=== What to do ===
Go through the data and say how many lines include the string "player"; return only the figure.

[[ Material for this task open ]]

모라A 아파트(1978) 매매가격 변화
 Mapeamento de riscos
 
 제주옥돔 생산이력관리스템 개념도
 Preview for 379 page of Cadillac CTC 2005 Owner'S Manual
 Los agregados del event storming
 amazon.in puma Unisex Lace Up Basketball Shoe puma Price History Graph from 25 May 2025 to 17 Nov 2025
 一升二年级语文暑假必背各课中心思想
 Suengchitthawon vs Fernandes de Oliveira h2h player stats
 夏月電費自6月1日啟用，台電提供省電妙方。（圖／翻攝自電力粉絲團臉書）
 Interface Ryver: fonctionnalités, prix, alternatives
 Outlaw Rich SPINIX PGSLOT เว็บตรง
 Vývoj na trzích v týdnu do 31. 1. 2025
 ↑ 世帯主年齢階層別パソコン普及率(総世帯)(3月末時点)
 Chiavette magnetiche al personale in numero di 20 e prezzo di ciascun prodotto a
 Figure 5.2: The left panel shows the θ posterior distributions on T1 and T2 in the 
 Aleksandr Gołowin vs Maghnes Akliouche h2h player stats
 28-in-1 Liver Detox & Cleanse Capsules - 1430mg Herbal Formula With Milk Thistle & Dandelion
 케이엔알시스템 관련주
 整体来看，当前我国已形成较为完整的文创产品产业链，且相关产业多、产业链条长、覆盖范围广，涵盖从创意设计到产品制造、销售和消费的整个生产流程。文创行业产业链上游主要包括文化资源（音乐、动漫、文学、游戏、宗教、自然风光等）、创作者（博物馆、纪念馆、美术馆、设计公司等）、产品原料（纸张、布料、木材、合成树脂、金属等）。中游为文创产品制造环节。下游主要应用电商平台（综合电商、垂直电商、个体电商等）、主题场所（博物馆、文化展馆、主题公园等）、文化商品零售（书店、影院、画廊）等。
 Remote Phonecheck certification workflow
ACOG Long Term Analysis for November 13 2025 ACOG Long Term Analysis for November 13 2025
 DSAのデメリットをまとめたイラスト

[[ Material for this task closed ]]

=== Solution for this problem ===
2